Enfin, sur l’épiaison, il n’y a, en moyenne, pas de différence de précocité entre les variétés des années 1980 et les nouvelles. Cependant, entre-temps, les variétés les plus tardives ont disparu des catalogues en raison des risques plus importants de sécheresse et d’échaudage en fin de cycle.
Un peu moins de protéines
La teneur en protéines est un critère de qualité essentiel en céréale. Or, elle est corrélée négativement au rendement. En d’autres termes : plus le rendement est important, moins la teneur en protéine l’est. En effet, la quantité d’azote dans le grain, qui donne la teneur en protéines, est diluée. Les variétés récentes parviennent-elles mieux à concilier ces deux critères ? « Les nouvelles variétés ont des teneurs en protéines un peu plus faibles que les variétés anciennes, principalement à cause de la hausse des rendements », note Philippe du Cheyron. Néanmoins, l’augmentation du rendement aurait pu affecter de manière plus importante cette teneur en protéines si le progrès génétique n’avait pas permis d’améliorer la capacité des plantes à exporter l’azote dans le grain.
Critère déterminant pour le stockage et le transport du grain, le poids spécifique (PS) n’a, en moyenne, pas changé. Certaines variétés des années 1980 étaient déjà très performantes. En revanche, à la lumière des résultats, aucune variété récente ne présente un mauvais PS, signe de l’importance de cette caractéristique.
Des variétés plus résistantes
Les modalités conduites sans fongicide ont permis d’évaluer le niveau de résistance des blés aux trois principales maladies foliaires : rouille jaune, septoriose et rouille brune. Sur la rouille jaune, les variétés récentes ont, en général, un meilleur niveau de résistance que les anciennes. « Il existe néanmoins des exceptions avec des variétés récentes très sensibles à la rouille jaune en raison du contournement de gènes de résistance par de nouvelles souches de la maladie », explique Philippe du Cheyron.
Concernant la septoriose, les résultats montrent aussi une plus grande résistance des variétés récentes.
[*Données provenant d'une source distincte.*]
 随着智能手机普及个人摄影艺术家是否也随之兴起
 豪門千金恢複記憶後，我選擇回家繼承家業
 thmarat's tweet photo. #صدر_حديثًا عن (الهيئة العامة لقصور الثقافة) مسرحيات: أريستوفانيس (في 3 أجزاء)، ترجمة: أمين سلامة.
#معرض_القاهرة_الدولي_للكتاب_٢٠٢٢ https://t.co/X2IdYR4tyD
Même tendance sur la rouille brune, avec toutefois des écarts moins importants. « Le progrès génétique sur les trois principales maladies se traduit par une baisse de la nuisibilité globale sur les variétés récentes », souligne l’expert. La diminution est de 0,26 % par an (figure 2).
La nuisibilité des maladies est mesurée en comparant les rendements des blés traités avec des fongicides à ceux des blés non traités. « Les maladies évoluent et s’adaptent au paysage des variétés cultivées. Les variétés récentes ne conserveront peut-être pas toutes leur bon niveau de résistance après quelques années de mise en production », rappelle cependant l’expert.
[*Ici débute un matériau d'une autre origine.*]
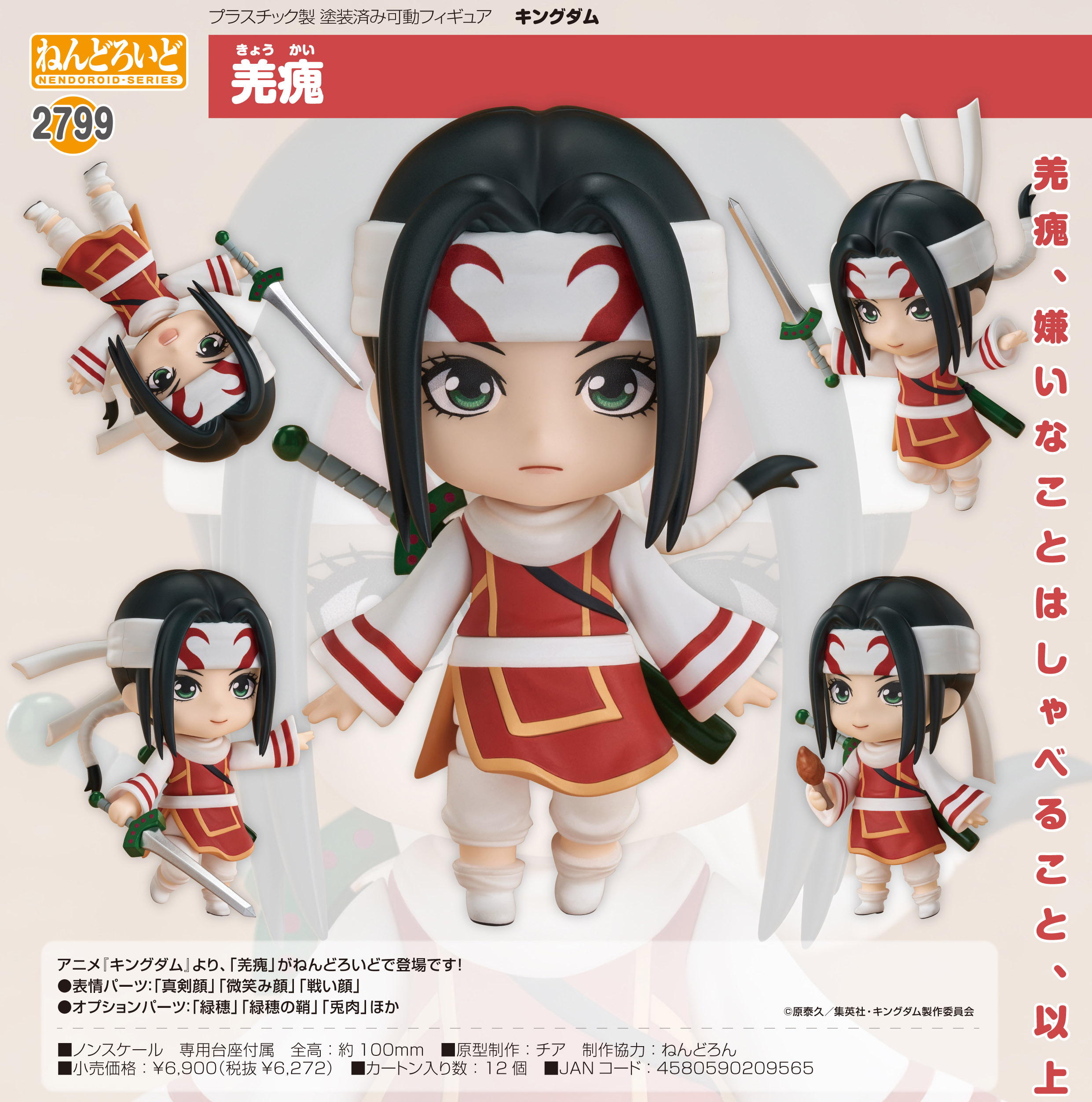 キングダム_ねんどろいど 羌?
Les premiers essais du réseau montrent donc un progrès génétique continu depuis les années 1980 sur les principales caractéristiques recherchées par les céréaliers et les filières de blé tendre. Reste à attendre les données des deux prochaines années d’expérimentation pour étayer les résultats de l’étude.
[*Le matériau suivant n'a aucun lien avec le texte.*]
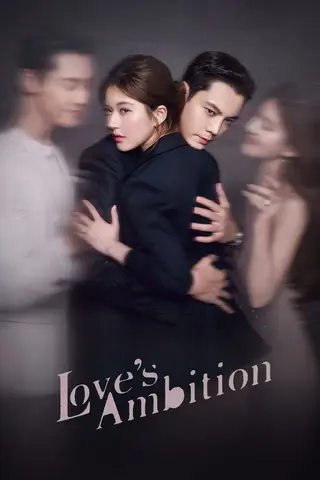 بوستر Love's Ambition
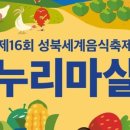 환경마실축제 네이버블로그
1. Agora, Agri Obtentions, Alliance BFC, Arterris, Arvalis, BASF, Cavac, Cérésia, Bonneval Beauce et Perche, DSV, Emergence Agro, Eureden, Florimond Desprez, Inrae, KWS, Semences Lemaire Desffontaines, Lidea, LG, Lorca, Malteurop, Noriap, RAGT, Saaten Union, Secobra Recherches, Soufflet, Terre Atlantique, Terrena, Uneal, Unisigma, Vivescia, Union française des semenciers.
Depuis les années 1980, le progrès génétique des céréales à paille françaises reste constant, malgré le plafonnement apparent des rendements dû aux aléas climatiques. Les essais menés sur blé tendre, blé dur, orge et triticale montrent des gains réguliers de rendement, une meilleure résistance aux maladies et plus de grains par épi, sans altérer le poids spécifique.